Всё более и более размывания границы между поэзией и неправдой. Всё сильней и сильней разбодяживая сладость остатков. Но, с другой стороны, обойти столь важные извивы развития жанра тоже нельзя: крайности могут много сообщить о морфологии дискурса и способах изготовления "готовых форм" из "любого сырья заказчика". Так что пусть будет висеть под тэгом "воспоминания" для полноты коллекции.

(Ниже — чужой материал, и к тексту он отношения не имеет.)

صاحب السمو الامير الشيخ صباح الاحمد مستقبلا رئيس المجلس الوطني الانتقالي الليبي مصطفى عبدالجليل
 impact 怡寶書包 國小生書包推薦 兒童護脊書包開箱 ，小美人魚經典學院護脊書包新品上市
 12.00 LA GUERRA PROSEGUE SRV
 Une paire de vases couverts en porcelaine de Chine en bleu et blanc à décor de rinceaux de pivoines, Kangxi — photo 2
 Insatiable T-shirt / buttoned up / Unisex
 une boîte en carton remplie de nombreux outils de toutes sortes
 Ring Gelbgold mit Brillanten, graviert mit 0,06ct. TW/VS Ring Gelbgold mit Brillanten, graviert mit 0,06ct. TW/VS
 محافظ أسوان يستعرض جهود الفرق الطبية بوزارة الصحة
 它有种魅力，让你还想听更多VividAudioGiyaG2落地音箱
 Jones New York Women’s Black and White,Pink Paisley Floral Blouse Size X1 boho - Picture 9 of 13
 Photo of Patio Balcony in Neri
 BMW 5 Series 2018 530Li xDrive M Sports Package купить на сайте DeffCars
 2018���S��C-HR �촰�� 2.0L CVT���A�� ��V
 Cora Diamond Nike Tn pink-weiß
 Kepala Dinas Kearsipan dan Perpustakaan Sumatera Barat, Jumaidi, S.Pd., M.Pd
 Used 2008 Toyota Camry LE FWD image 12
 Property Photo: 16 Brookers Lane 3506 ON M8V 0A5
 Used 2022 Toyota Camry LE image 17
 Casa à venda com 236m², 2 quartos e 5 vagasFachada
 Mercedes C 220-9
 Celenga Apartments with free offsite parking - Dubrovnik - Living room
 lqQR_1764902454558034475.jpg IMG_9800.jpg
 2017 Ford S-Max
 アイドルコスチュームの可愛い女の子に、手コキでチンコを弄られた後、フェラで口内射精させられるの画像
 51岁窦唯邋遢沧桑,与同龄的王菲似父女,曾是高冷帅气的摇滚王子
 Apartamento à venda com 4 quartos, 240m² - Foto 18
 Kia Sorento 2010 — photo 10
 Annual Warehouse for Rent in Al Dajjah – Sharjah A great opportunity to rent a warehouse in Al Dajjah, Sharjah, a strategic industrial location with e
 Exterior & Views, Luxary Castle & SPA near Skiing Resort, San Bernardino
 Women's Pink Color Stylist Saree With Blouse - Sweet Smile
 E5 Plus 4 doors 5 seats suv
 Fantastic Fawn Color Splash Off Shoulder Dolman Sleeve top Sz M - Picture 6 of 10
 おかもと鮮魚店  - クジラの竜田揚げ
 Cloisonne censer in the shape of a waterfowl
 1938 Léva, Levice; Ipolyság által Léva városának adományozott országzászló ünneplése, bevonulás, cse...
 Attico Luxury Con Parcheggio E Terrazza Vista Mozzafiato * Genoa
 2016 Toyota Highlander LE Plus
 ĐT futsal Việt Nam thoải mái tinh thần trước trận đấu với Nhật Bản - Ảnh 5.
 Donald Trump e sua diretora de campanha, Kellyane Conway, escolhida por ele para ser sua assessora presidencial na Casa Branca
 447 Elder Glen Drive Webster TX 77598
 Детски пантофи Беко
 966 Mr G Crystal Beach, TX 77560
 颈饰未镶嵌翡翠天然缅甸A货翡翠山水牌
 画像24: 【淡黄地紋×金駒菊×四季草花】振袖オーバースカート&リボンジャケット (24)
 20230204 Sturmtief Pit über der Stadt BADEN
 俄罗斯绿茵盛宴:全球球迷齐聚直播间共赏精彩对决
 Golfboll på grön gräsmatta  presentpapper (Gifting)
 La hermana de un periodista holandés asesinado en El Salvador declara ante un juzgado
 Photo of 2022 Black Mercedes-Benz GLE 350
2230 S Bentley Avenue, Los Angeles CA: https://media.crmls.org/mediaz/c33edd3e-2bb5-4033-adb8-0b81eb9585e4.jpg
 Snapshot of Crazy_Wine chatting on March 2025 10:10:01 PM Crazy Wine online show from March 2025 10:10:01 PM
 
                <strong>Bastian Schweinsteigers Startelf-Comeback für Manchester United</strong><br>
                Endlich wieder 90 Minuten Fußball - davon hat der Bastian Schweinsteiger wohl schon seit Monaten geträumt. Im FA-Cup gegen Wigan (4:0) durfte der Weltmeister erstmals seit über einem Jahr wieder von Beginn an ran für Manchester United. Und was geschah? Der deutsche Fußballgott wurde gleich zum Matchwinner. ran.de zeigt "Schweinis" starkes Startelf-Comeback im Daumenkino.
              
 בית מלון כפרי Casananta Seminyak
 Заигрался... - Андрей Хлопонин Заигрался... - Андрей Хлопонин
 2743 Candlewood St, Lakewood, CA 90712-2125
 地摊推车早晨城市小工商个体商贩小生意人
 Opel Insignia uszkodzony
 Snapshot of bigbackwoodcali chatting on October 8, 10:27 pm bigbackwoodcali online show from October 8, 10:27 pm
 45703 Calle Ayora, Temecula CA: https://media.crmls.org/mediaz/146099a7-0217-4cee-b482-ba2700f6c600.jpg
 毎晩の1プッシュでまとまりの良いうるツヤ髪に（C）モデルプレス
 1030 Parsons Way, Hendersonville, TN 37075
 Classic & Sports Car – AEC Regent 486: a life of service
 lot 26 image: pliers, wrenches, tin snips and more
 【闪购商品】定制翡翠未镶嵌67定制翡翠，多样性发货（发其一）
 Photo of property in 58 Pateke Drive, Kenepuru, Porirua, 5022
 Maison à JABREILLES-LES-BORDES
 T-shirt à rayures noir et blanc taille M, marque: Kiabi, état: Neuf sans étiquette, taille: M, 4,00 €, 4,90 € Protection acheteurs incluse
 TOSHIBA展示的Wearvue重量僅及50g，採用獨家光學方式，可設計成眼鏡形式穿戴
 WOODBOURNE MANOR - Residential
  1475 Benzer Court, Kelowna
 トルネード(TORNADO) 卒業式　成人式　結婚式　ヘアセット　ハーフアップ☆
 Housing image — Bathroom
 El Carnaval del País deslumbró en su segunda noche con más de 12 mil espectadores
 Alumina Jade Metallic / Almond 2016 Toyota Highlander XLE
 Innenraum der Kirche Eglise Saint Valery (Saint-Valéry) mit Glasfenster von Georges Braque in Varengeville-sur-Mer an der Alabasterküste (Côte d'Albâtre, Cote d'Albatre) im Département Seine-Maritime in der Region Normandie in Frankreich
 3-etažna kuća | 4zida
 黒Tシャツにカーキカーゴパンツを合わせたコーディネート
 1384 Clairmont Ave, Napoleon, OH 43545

* - Вот, скажем "Святой колодец", за исключением одного эпизода с участием Мандельштама и его жены, старательно запрятанных в общий хоровод фантасмагорий, лишён масштабных фигур, вот он и идёт в читательском внимании уже не первым номером, как это было бы правильно, если брать опусы мовизма по хронологии написания, но - третьим, так же пропуская вперёд "Алмазный мой венец". Несмотря на то, что Венеамин Каверин писал кому-то, что предпочитает именно "Святой колодец". Возможно, за то, что в нём не к чему придраться в воспоминательном смысле, так как "Траву забвения" и, особенно, "Алмазный мой венец" Каверин презирает за наглую-наглую ложь.

** - В "Святом колодце" роль воспоминаний о гениях исполняют описания путешествия Катаева в Америку, эксклюзив примерно такой же степени недоступности, как "личное" знание об Олеше или Есенине. Торговать следует нехваткой, того, что людям действительно не хватает - да-да, именно на ликвидацию нехватки люди ведутся лучше всего.